Which doesn’t make the root problem addressable, of course. There are more ecology faculty job seekers than there are tenure-track faculty jobs (though the former don’t outnumber the latter by nearly as much as some people think.) And any given tenure-track faculty job ordinarily will have more than one minimally qualified applicant. Those are the two fundamental, inescapable facts that make the ecology faculty job market competitive. And so it’s only natural for ecology faculty job seekers to wonder, and worry, if they’ll get a job offer (any job offer), or if they’ll get an offer for this or that specific job. And that’s really what worrying about the “competitiveness” of your application amounts to: worrying that you won’t get the job, or any job. Because a “competitive” application is just “an application that’s likely to get the job, or any job.”

There’s probably nothing I, or anyone, can say that would relieve faculty job seekers’ anxieties here. Sorry, but a job market in which job seekers outnumber jobs is going to be rough on the job seekers; there’s no two ways about it. So all I’ll say is: try not to let those understandable anxieties about the ‘competitiveness’ of your application lead to counterproductive, self-sabotaging behavior.

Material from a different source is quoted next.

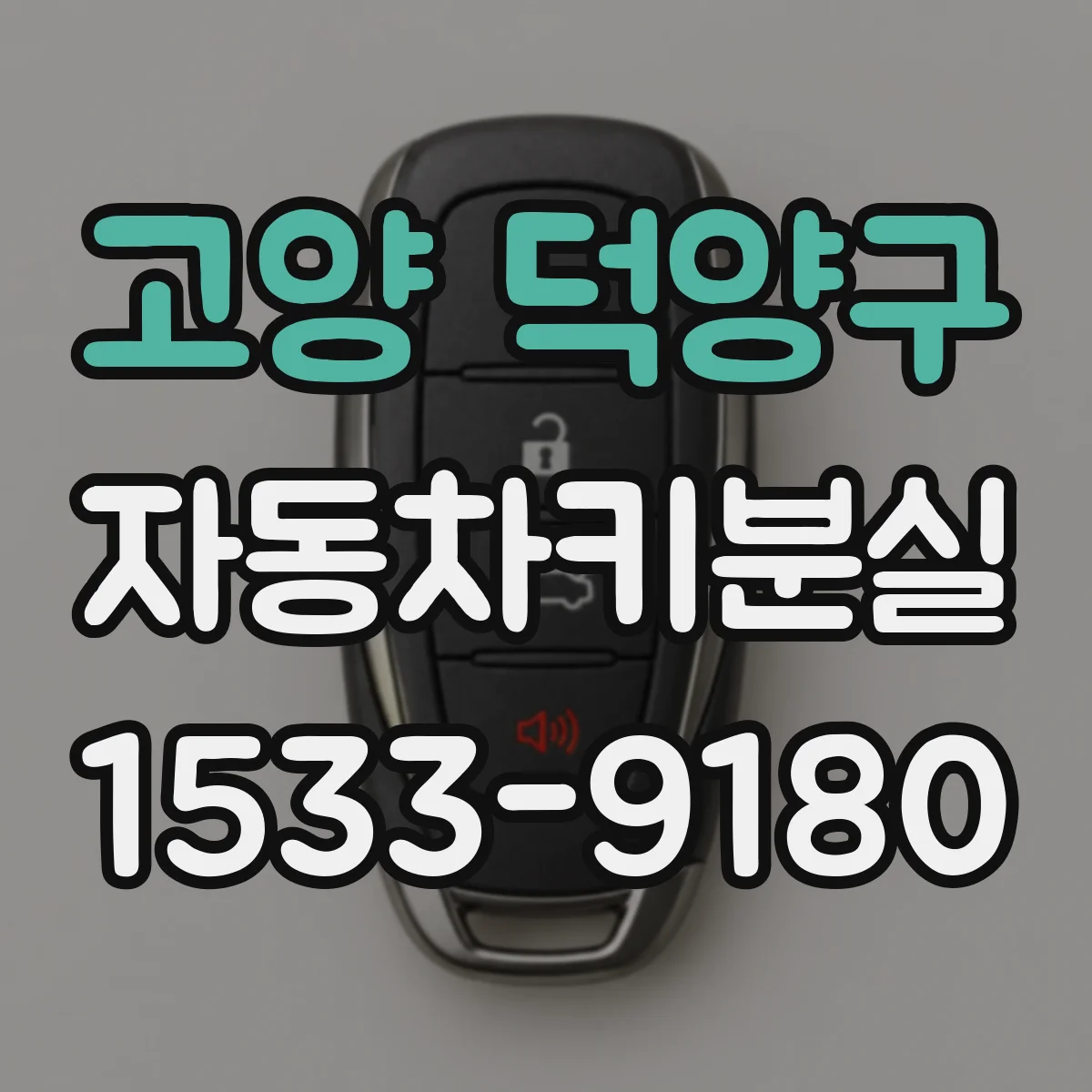 고양 덕양구 자동차키분실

In particular, if you feel like you need to triage your faculty job search, meaning “prioritize applying for some positions while passing on applying to others,” don’t do it by applying only for positions for which you think you’ll be “competitive.” Trying to guess which positions you’ll be “competitive” for is a mug’s game. As an applicant, you don’t have nearly enough information to estimate with any useful degree of precision how “competitive” you’ll be for any given position, or on the faculty job market in general.* Nobody else (like, say, your mentors) has enough information either. So don’t try to guess your “competitiveness,” and definitely don’t pick and choose which positions you apply for based on your guesses. If you feel time-constrained, so that you can’t apply to every position for which you might possibly apply if you had unlimited time, then pass on applying for jobs that don’t fully match your own preferences. Pass on applying for jobs in places you’re sure you would hate living in, or jobs that require more teaching (or more research) than you’d ideally want to do, or jobs that don’t match your research interests all that well, or etc. Don’t pass on applying for a job that you’d seriously consider if offered, just because you think your application would be “uncompetitive.” No matter what excuse your anxious brain comes up with for thinking that your application would be uncompetitive. Passing on applying for jobs you might want, based on guesses about your competitiveness, is not savvy, or even realistic. It’s just self-sabotage.

If you’re on the ecology faculty job market, I hope you found this post useful. Good luck, you’ve got this.

*Except maybe in extreme cases like “you are still more than a year away from finishing your PhD, you have no teaching experience beyond that one semester TAing, and no peer-reviewed publications at all.”